Technically, nothing. The Le Touquet treaty is a bilateral agreement between the UK and France. Both countries happen to be member states of the EU, but the negotiations took place outside of the EU’s auspices.

That's why eurosceptics have reacted with such fury today. Arron Banks, the co-founder of Leave.EU, said the Prime Minister was “resorting to scaremongering”, while Ukip’s migration spokesperson, in a surprising role-reversal, said that Cameron’s argument was “based on fear, negativity, and a falsehood”.

Cameron’s claim appears to be that Brexit would represent such a profound shift in the UK’s relationship with other European states that it could offer France an excuse to end the agreement reached at Le Touquet. That is debatable, but any suggestion that the treaty would instantly become void in the event of a vote to leave is untrue.

Does France actually want to revoke the treaty?

Local politicians in Calais, and in particular the town’s mayor, have been arguing for months that the treaty should be abandoned. Le Monde has also criticised it. The current French Interior Minister, Bernard Cazeneuve, hinted today that he agreed, saying that a British vote to leave “will always result in countermeasures”.

On the BBC's Today programme this morning, Rob Whiteman, a former head of the UK Border Agency, said that it was “almost certain” that the treaty would end if the UK left the EU. He said that France has benefited less from the deal than it expected:

“I think at the time the French felt there would be an upside for them, in that if it was clear that people could not easily get to Britain it would stop Sangatte building up again. The camp was closed. But history has shown that not to be the case. The French authorities still have a huge amount of pressure on their side.”

That said, the French government receives money from the British to help police Calais and its camps, and various French officials have acknowledged that their ports would receive even more traffic if refugees and migrants believed that it was easier to travel  to the UK than before.

If the treaty ended, would “the Jungle” just move to Dover?

There’s little doubt that because of linguistic and familial ties, and perhaps the perception that the UK is more welcoming than France, many refugees and migrants would come to the UK as quickly as they could to claim asylum here.

Whiteman also said on Today that since the 2003 agreement, the annual number of asylum claims in the UK had declined from 80,000 to around 30,000. So the UK could expect a significant spike in claims if the treaty were to end.

But the British asylum process makes it unlikely that anything like “the Jungle” would spring up. Instead, those claiming asylum would be dispersed around the country or, if authorities are worried they would flee, held in an immigration detention centre.
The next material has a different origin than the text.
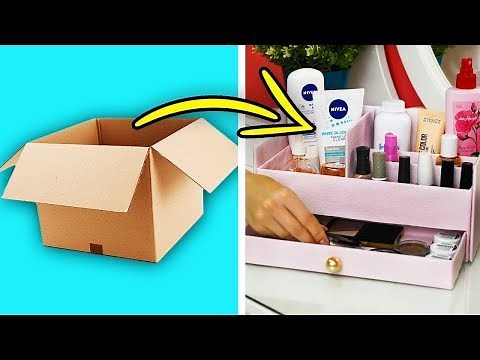 27 LINDAS FORMAS DE REUTILIZAR CAJAS DE CARTÓN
Why is Cameron saying this now?

This looks suspiciously like one of the Tories' election strategist Lynton Crosby’s dead cats. That is, in an effort to distract his critics from the detail of the renegotiation, the PM has provoked a row about migrants and refugees. Cameron is clearly keen to move the debate on from the minutiae of different European agreements to bigger questions about security and terrorism. Though getting bogged down in competing interpretations of a treaty from 2003 may not be the best way to move onto that broader terrain.